§ **Data provided**:
+ + + + +

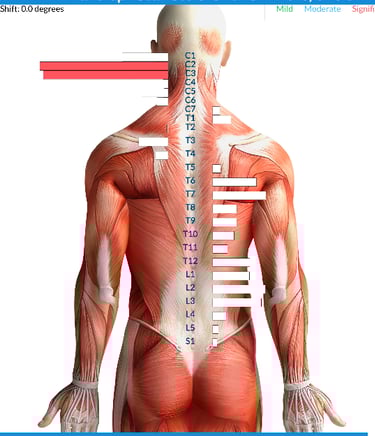 Vagus nerve stress from birth trauma causing tongue tie and latching issues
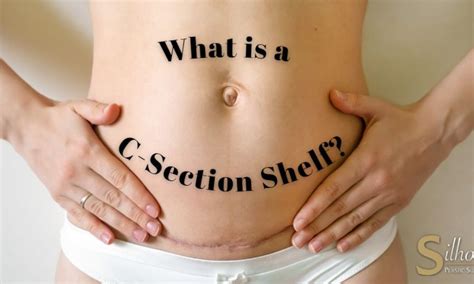 i after work  existerar a c section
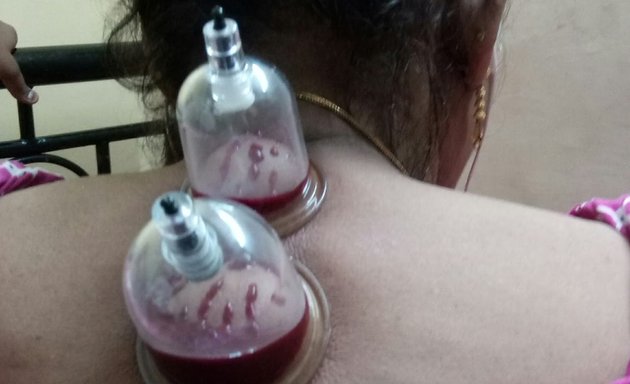 Photo of Derma Care Cupping
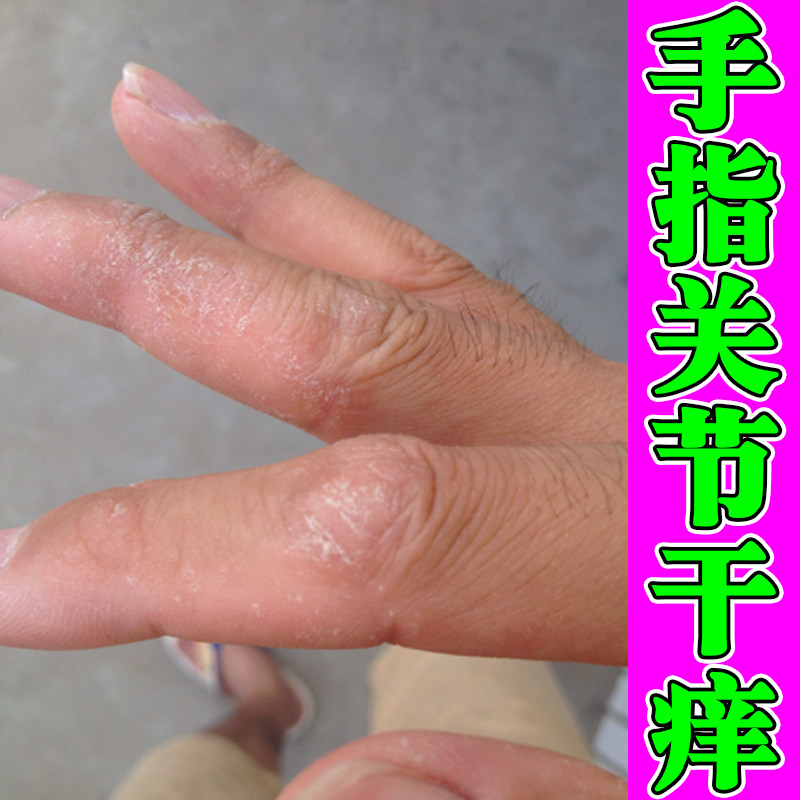 手指关节干痒粗糙起皮脱皮专用成人儿童神经性皮肤痒过敏掉屑痒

+ + + + +

§ **Work item**: Aside from its pictures, the listing must be given again in full, exactly as it appears.

§ **Worked solution**:
 Vagus nerve stress from birth trauma causing tongue tie and latching issues
 i after work  existerar a c section
 Photo of Derma Care Cupping
 手指关节干痒粗糙起皮脱皮专用成人儿童神经性皮肤痒过敏掉屑痒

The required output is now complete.